Между тем во время Парижского конгресса сторонников мира, проходившего во дворце Плейель, состоялась абсолютно секретная беседа о положении евреев в СССР. Компартию США на ней представлял Говард Фаст; он же впервые поведал об этом миру в книге «Being Red» («Как я был красным», 1990)[993]. После того как Госдепартамент разрешил ему отправиться на конгресс в Париж в составе большой американской делегации, Фаста вызвал член Национального комитета компартии США и руководитель ее еврейской секции Пол (Пейсах) Новик и сообщил, что после жаркой дискуссии Национальным комитетом решено выдвинуть против компартии СССР обвинения в антисемитизме (аргументы: закрытие в СССР всех еврейских организаций, всех газет на идише, исчезновение ряда крупных деятелей-евреев). Эти обвинения Фасту поручалось высказать главе советской делегации на Парижском конгрессе, попросив французских коммунистов организовать с ним тайную встречу.

Главой совделегации был член ЦК ВКП(б) и генсек Союза писателей СССР А. А. Фадеев. Французы такую встречу организовали в подвальном, непрослушиваемом помещении дворца Плейель. На ней, по словам Фаста, Фадеев (он был с переводчиком) на все вопросы и аргументы Фаста тупо твердил одно: «В СССР никакого антисемитизма нет».

Об этой встрече есть и еще одно свидетельство. Делегат Парижского конгресса Илья Эренбург, рассказавший в мемуарах о своем тогдашнем отчаянном состоянии (со всех сторон его спрашивали, что происходит с евреями в СССР, а он ничего не мог сказать, даже если спрашивали Арагон и Эльза Триоле[994]), в заключение привел многозначительную сцену:

«„Как вы провели последний вечер в Париже?“ — спросил меня А. А. Фадеев. Я ответил, что был со старыми друзьями.
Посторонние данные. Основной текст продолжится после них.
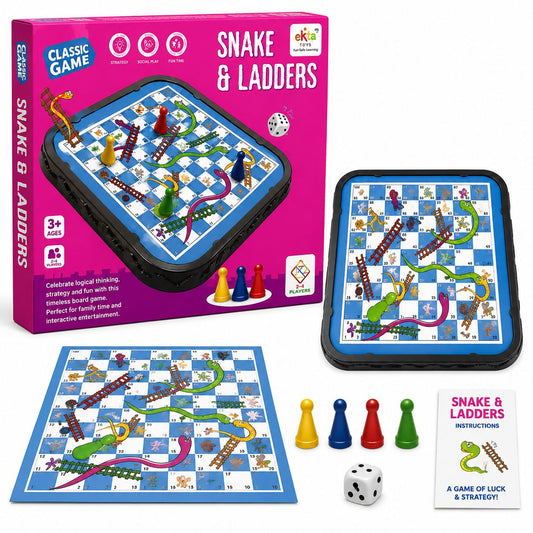 Snake & Ladders Classic Board Game Set
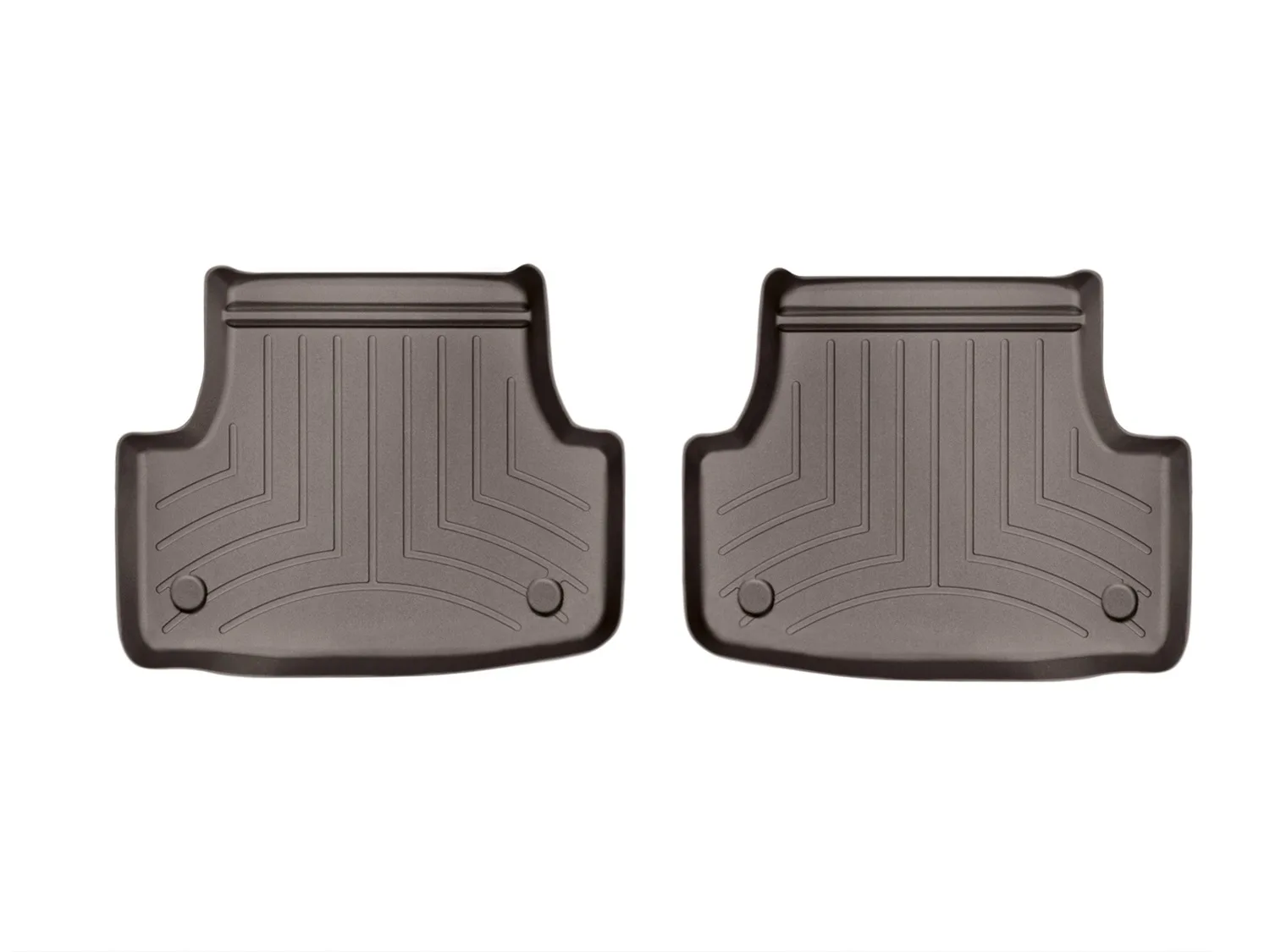 WeatherTech FloorLiner™ DigitalFit®; Cocoa; Rear; 2 Piece;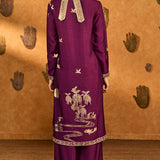 Berry Still Water Bloom Kurta Set
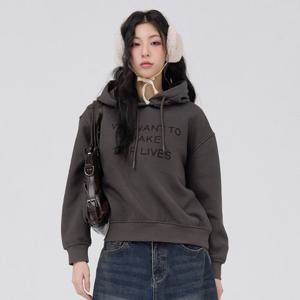 [체이스컬트]여성 밍크 기모 후드 티셔츠 EFRG5177D09_YS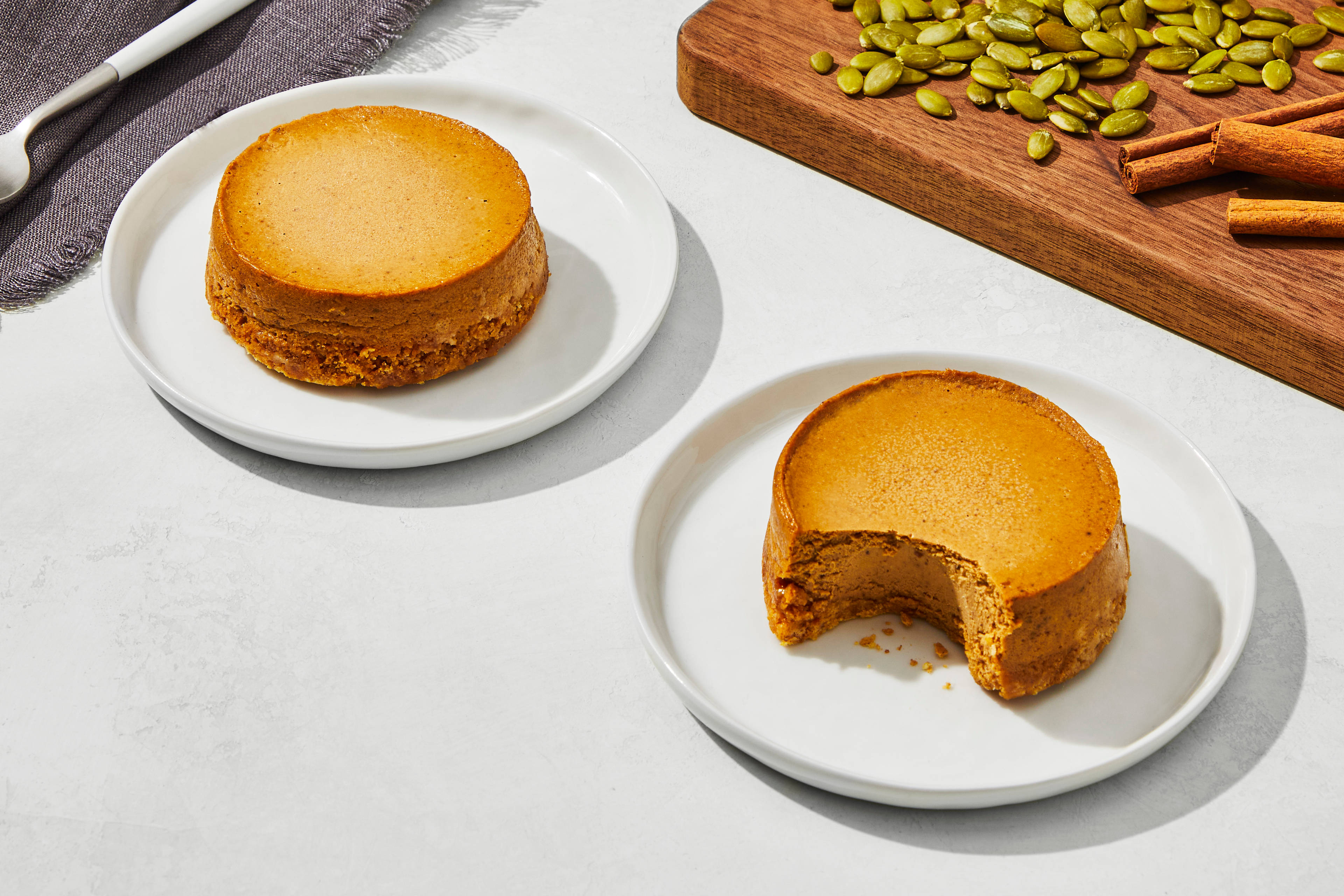 Pumpkin Spice Cheesecakes
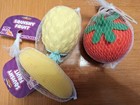 Fruit Squishy Stress Balls Fidget Sensory Toy Squeeze Stress Relief Fruit 3 Pack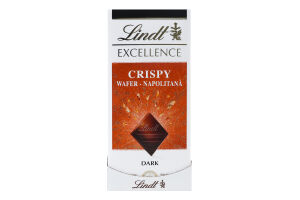 Шоколад темний з хрустким печивом Excellence Lindt к/у 100г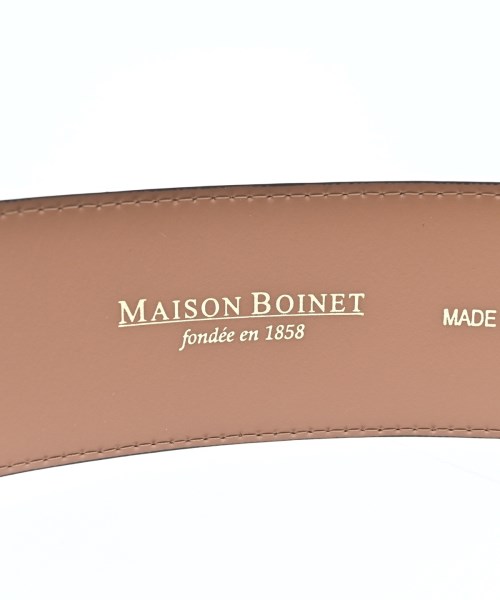 MAISON BOINET（メゾンボワネ）ベルト 茶 サイズ:- レディース/2200703956439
Он сказал: „А меня замучил Фаст — хотел, чтобы я все ему объяснил… Эх, Илья Григорьевич!.. Он оборвал себя: — Давайте лучше выпьем коньяку“…»[995].

Пожалуй, на этом можно бы и закончить…

Но всякий раз, когда сталкиваешься с неадекватностью нападок иных советских евреев на Эренбурга (увы, в той или иной степени все деятели нашей культуры, работавшие при Сталине, уязвимы), хочется понять: почему? Лилианна Лунгина в фильме «Подстрочник» производила впечатление человека интеллигентного и понимающего людей. Потому так трудно было объяснить себе ее вырезанный из фильма антиэренбурговский запал… Большинство поставленных киносценариев ее мужа, драматурга Семена Лунгина, было написано совместно со сверстником и другом Ильей («Элькой») Нусиновым, отец которого — видный еврейский и русский литературовед, критик-марксист, активист ЕАК Исаак Нусинов — был арестован в 1948 году и умер в ходе следствия в 1950-м. Когда участников ЕАК реабилитировали, Илья Нусинов начал печататься. С Нусиновым-старшим Эренбург был знаком по работе в ЕАК[996]. Его имя не встречается в мемуарах Эренбурга, но один пассаж о марксистах-вульгаризаторах там убийственно иллюстрируется фразами из двух статей неназванного автора (про Дон Кихота, которого пролетариат бросает в мусорную яму истории, и про Гамлетов, которые бесполезны массе)[997]. Автором их был Исаак Нусинов, и мне эти анонимные цитаты о многом говорят. Но предвзятость Нусинова-младшего («Выжил? Значит, предатель»), которую Лунгины могли «по дружбе» с ним разделять, никак не объясняют. А это — моя единственная версия пылкости антиэренбурговского «проаргументированного» выпада Лилианны Лунгиной. Другой не имею.